§ **Try it**
Transcribe each entry exactly as it appears, leaving out any picture it holds.

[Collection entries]

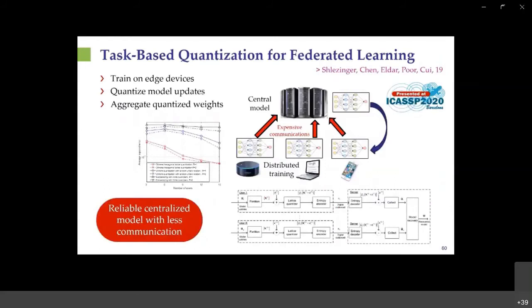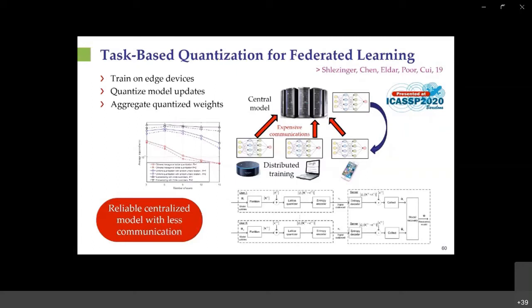A final application of task-based quantization is federated learning—training algorithms using multiple decentralized devices without sharing local data, sharing only weight updates. This enables efficient learning and ensures privacy. However, communication costs for continuously sharing weight updates are high. We propose quantizing the weights for the task of learning, and show that we can quantize down to a low number of bits while obtaining the same overall learning performance.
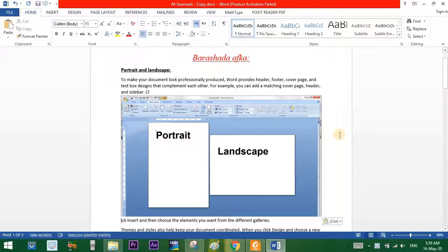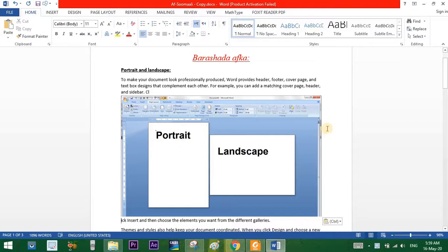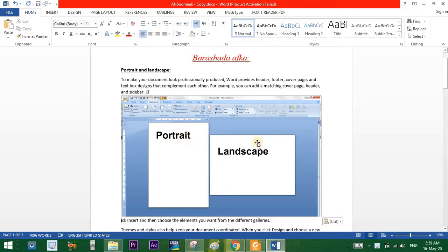In the page layout, you will have a landscape in the middle of the layout. This is the landscape. It is located in the middle of the page layout. This is the design of the landscape.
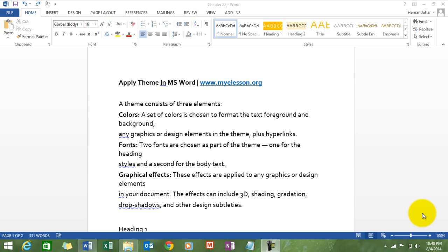What is a theme? It's a combination of colors, fonts and graphical effects to make your document look awesome.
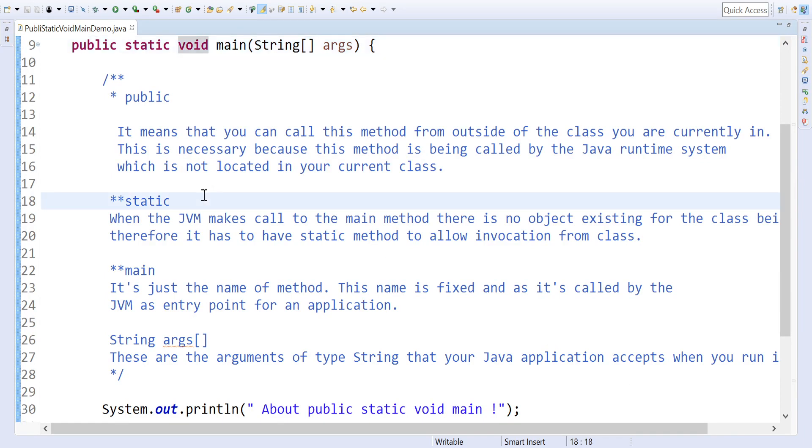Welcome guys, welcome to Programming Pro channel. Today we're going to see a demo about public static void main - why the public static void main is required in any Java application is a question we'll answer.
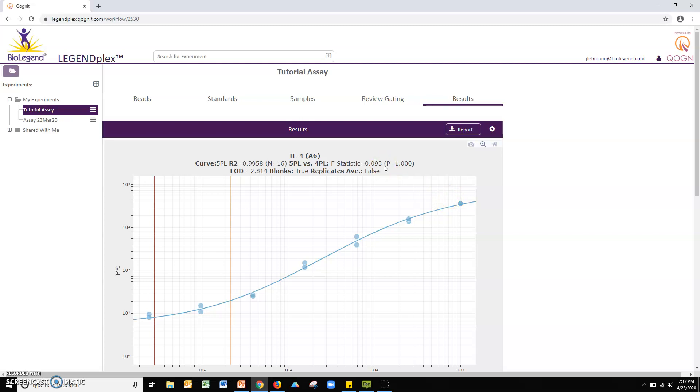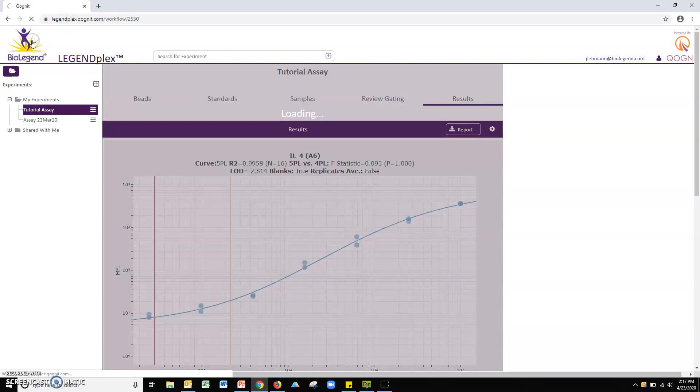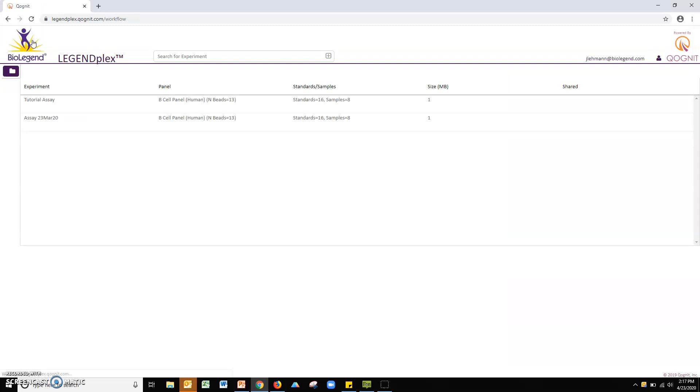Finally, should you ever wish to return to the landing page, click the BioLegend logo at the top of the left screen. Please remember to read the user manual for a complete explanation of all the features in the cloud-based LegendPlex data analysis software and don't hesitate to contact us if you have any questions.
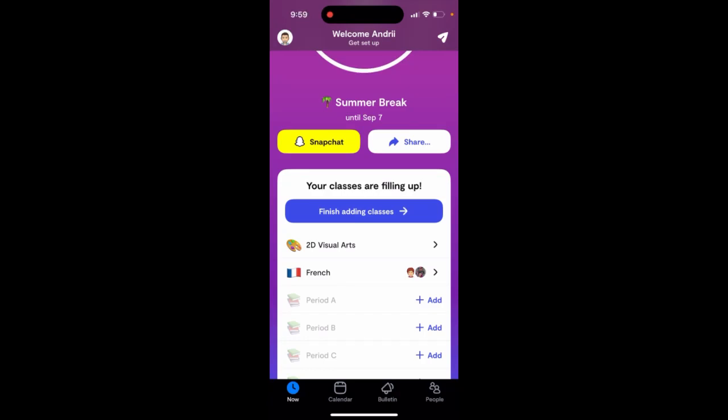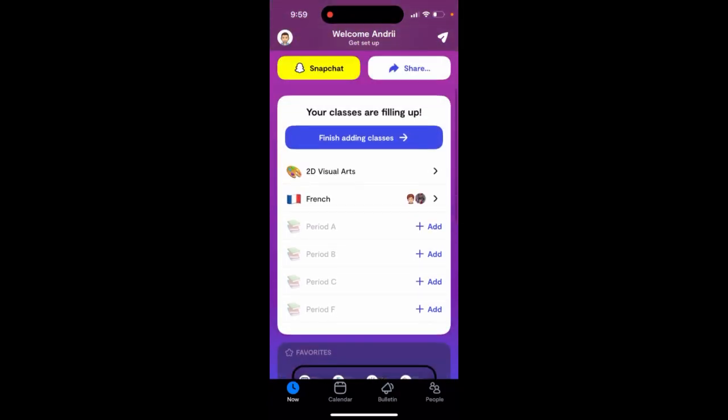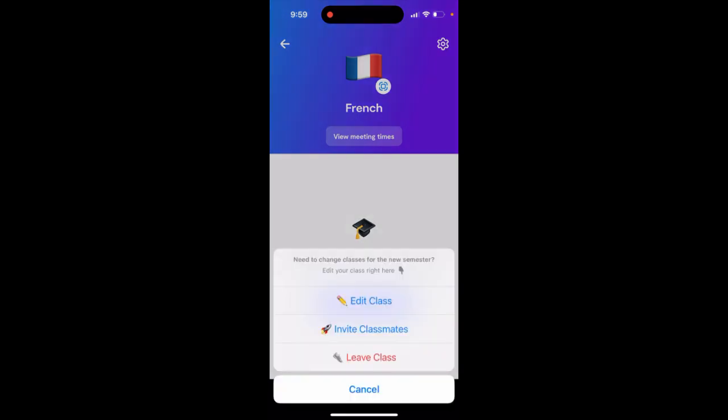To leave a class in the Saturn app, it's super easy. Just see an overview of your classes. For example, tap on your icon at the top right, and at the bottom, you can just tap to leave class.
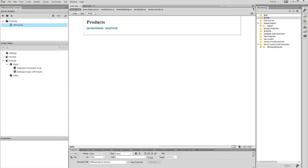Hi! With this movie we will show you how to create a page which displays detailed information about a selected record.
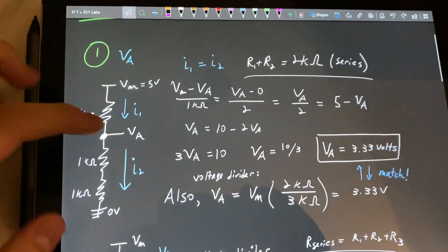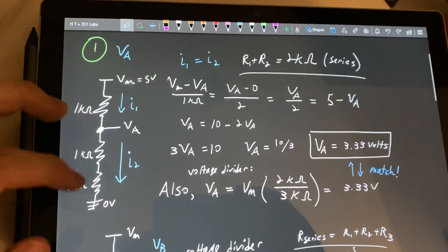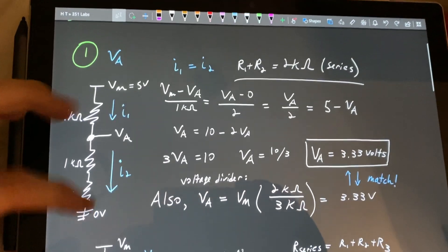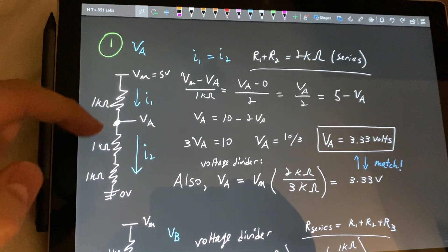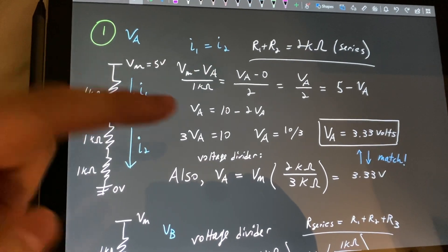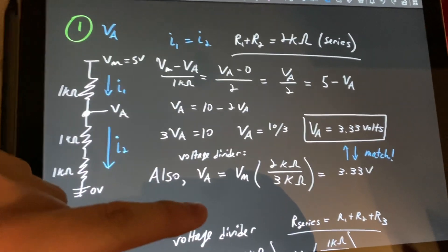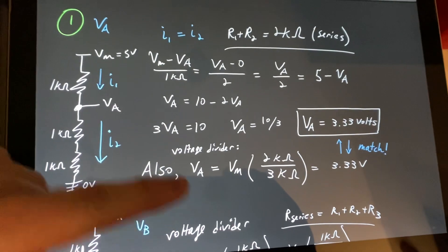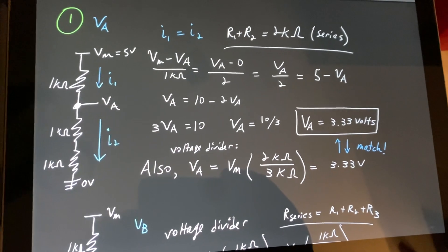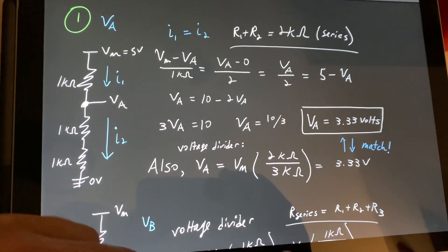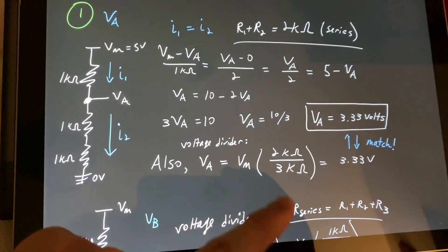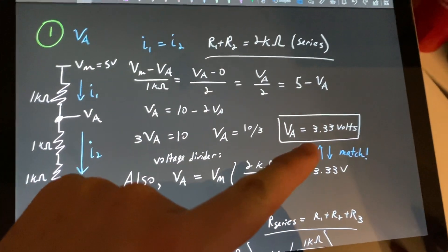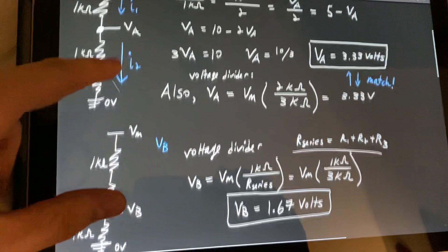It asked us to find the voltages VA and VB. And you can do this two ways. I did show the Kirchhoff way using the current in and current out, but it is more simply done as a voltage divider where VA would equal VM times the resistance here over the total resistance in the wire. And this gives you 3.33 volts, no matter which way you do it.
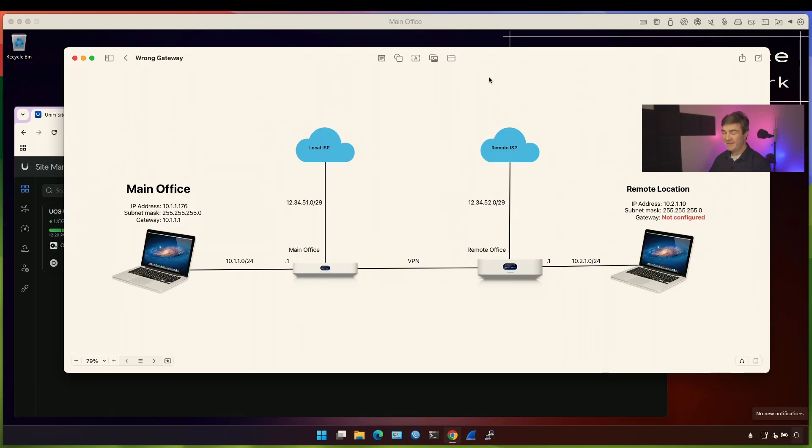Hello everyone, David Godibadza here. Today I'm going to talk about reaching out to a remote host that doesn't have the gateway.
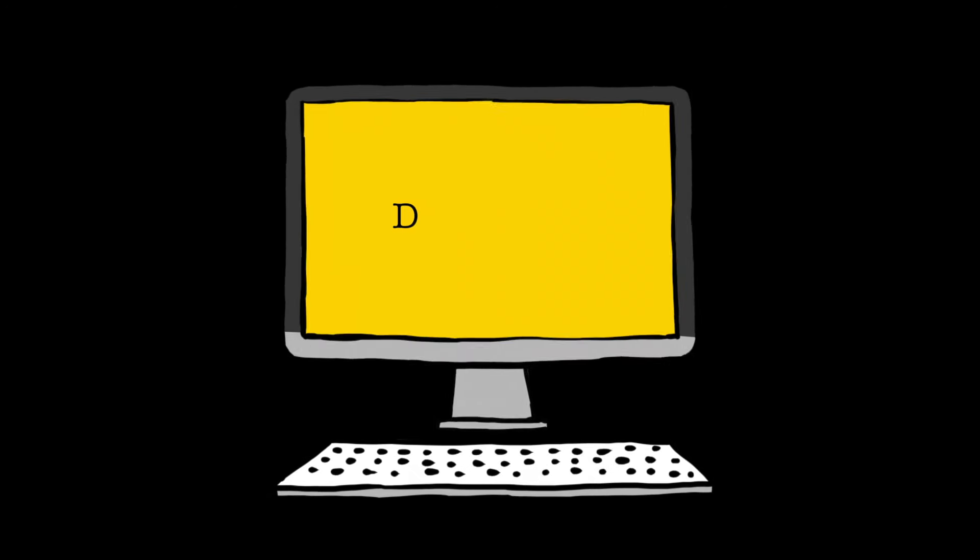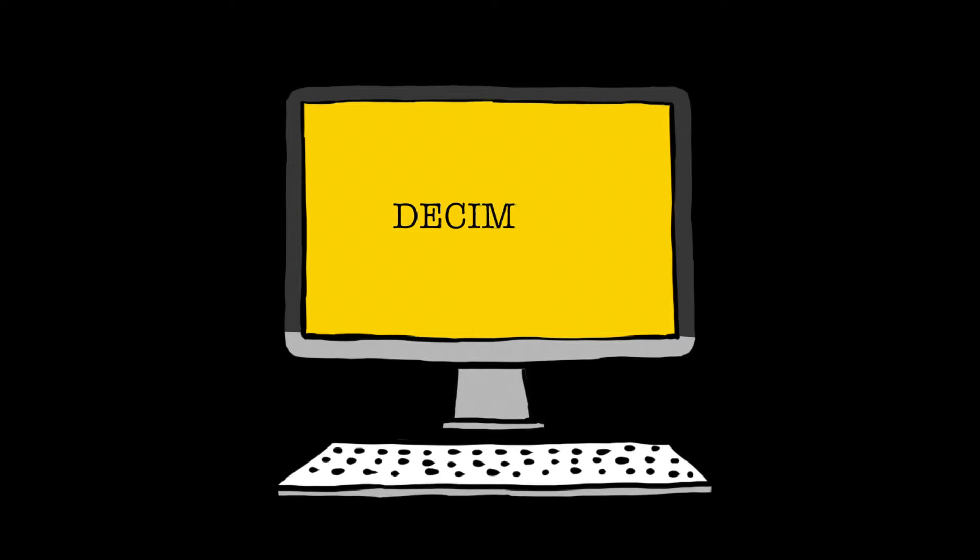Moving on, let's talk about decimals. Get the pronunciation of that right — decimals. Decimals. Not 'decimals' — decimals.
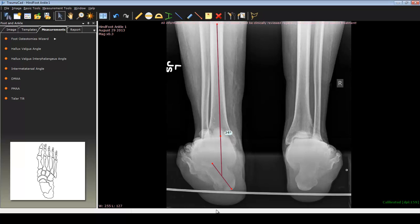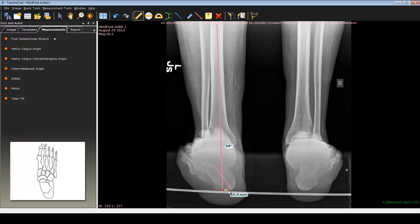So how do I plan for correction? If I look at not only the angular correction that needs to occur, but also the translational component that is present — if you extend this angle line down and make it at the same point of the calcaneus, these two points can be measured. It tells you that not only is the deformity 34 degrees, it's about 17 millimeters — the calcaneus is 17 millimeters medially displaced.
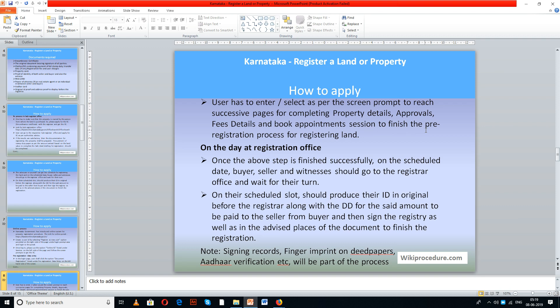This is the pre-registration process for registering a land through online. When you have the scheduled appointment for your registration and have completed the document uploading and received approval from the online process, you will then submit the original documents at the time of registration, so that the registration goes smoothly.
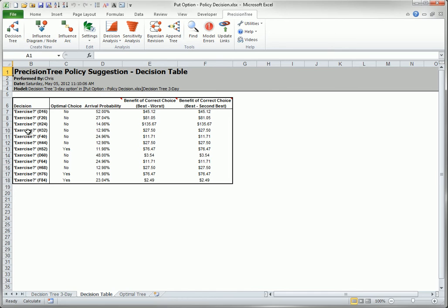These are all possibilities. However, both the table and the tree spell out the optimal contingency plan nicely — whether or not to exercise the option at each decision point.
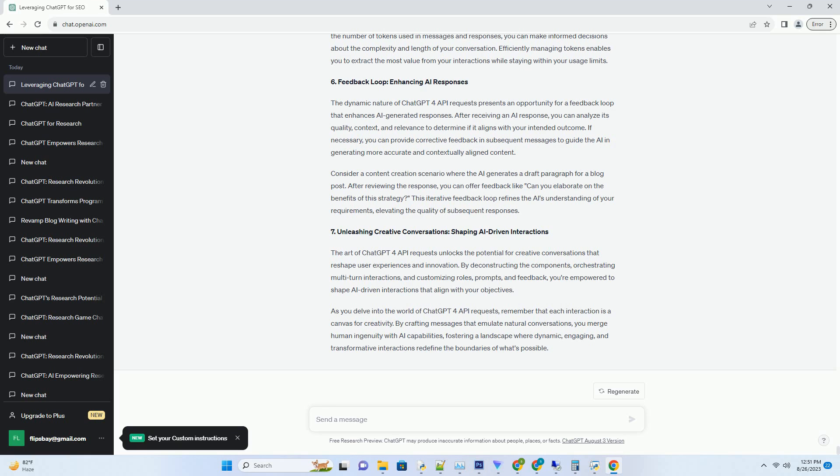Navigating Token Limitations: Managing Usage and Efficiency. Tokens serve as the Currency of AI Interactions within ChatGPT4 API Requests. Each message and response consume tokens, impacting the cost, efficiency, and scope of your interactions. Navigating token limitations requires efficient management to ensure that your conversations remain within the allocated usage boundaries. Understanding token consumption is crucial in optimizing your interactions. By monitoring the number of tokens used in messages and responses, you can make informed decisions about the complexity and length of your conversation. Efficiently managing tokens enables you to extract the most value from your interactions while staying within your usage limits.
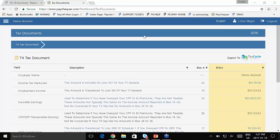And I will note again that these are required—T4s, T4As, RL1s—by the last day of February. They need to be received by the government and by your employees by the last day of February. Those are CRA's requirements.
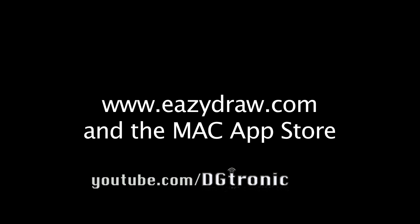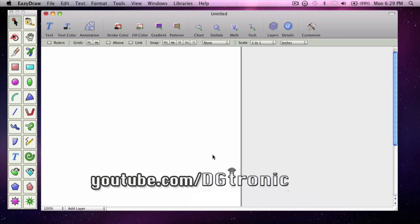EasyDraw is available for download from EasyDraw.com and also the Mac App Store. In this video we are going to go through how to put a line of text on a curved path.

§ **Response box**
A final application of task-based quantization is federated learning—training algorithms using multiple decentralized devices without sharing local data, sharing only weight updates. This enables efficient learning and ensures privacy. However, communication costs for continuously sharing weight updates are high. We propose quantizing the weights for the task of learning, and show that we can quantize down to a low number of bits while obtaining the same overall learning performance.
In the page layout, you will have a landscape in the middle of the layout. This is the landscape. It is located in the middle of the page layout. This is the design of the landscape.
What is a theme? It's a combination of colors, fonts and graphical effects to make your document look awesome.
Welcome guys, welcome to Programming Pro channel. Today we're going to see a demo about public static void main - why the public static void main is required in any Java application is a question we'll answer.
Finally, should you ever wish to return to the landing page, click the BioLegend logo at the top of the left screen. Please remember to read the user manual for a complete explanation of all the features in the cloud-based LegendPlex data analysis software and don't hesitate to contact us if you have any questions.
To leave a class in the Saturn app, it's super easy. Just see an overview of your classes. For example, tap on your icon at the top right, and at the bottom, you can just tap to leave class.
Hi! With this movie we will show you how to create a page which displays detailed information about a selected record.
It asked us to find the voltages VA and VB. And you can do this two ways. I did show the Kirchhoff way using the current in and current out, but it is more simply done as a voltage divider where VA would equal VM times the resistance here over the total resistance in the wire. And this gives you 3.33 volts, no matter which way you do it.
Hello everyone, David Godibadza here. Today I'm going to talk about reaching out to a remote host that doesn't have the gateway.
Moving on, let's talk about decimals. Get the pronunciation of that right — decimals. Decimals. Not 'decimals' — decimals.
So how do I plan for correction? If I look at not only the angular correction that needs to occur, but also the translational component that is present — if you extend this angle line down and make it at the same point of the calcaneus, these two points can be measured. It tells you that not only is the deformity 34 degrees, it's about 17 millimeters — the calcaneus is 17 millimeters medially displaced.
This is the pre-registration process for registering a land through online. When you have the scheduled appointment for your registration and have completed the document uploading and received approval from the online process, you will then submit the original documents at the time of registration, so that the registration goes smoothly.
These are all possibilities. However, both the table and the tree spell out the optimal contingency plan nicely — whether or not to exercise the option at each decision point.
Navigating Token Limitations: Managing Usage and Efficiency. Tokens serve as the Currency of AI Interactions within ChatGPT4 API Requests. Each message and response consume tokens, impacting the cost, efficiency, and scope of your interactions. Navigating token limitations requires efficient management to ensure that your conversations remain within the allocated usage boundaries. Understanding token consumption is crucial in optimizing your interactions. By monitoring the number of tokens used in messages and responses, you can make informed decisions about the complexity and length of your conversation. Efficiently managing tokens enables you to extract the most value from your interactions while staying within your usage limits.
And I will note again that these are required—T4s, T4As, RL1s—by the last day of February. They need to be received by the government and by your employees by the last day of February. Those are CRA's requirements.
EasyDraw is available for download from EasyDraw.com and also the Mac App Store. In this video we are going to go through how to put a line of text on a curved path.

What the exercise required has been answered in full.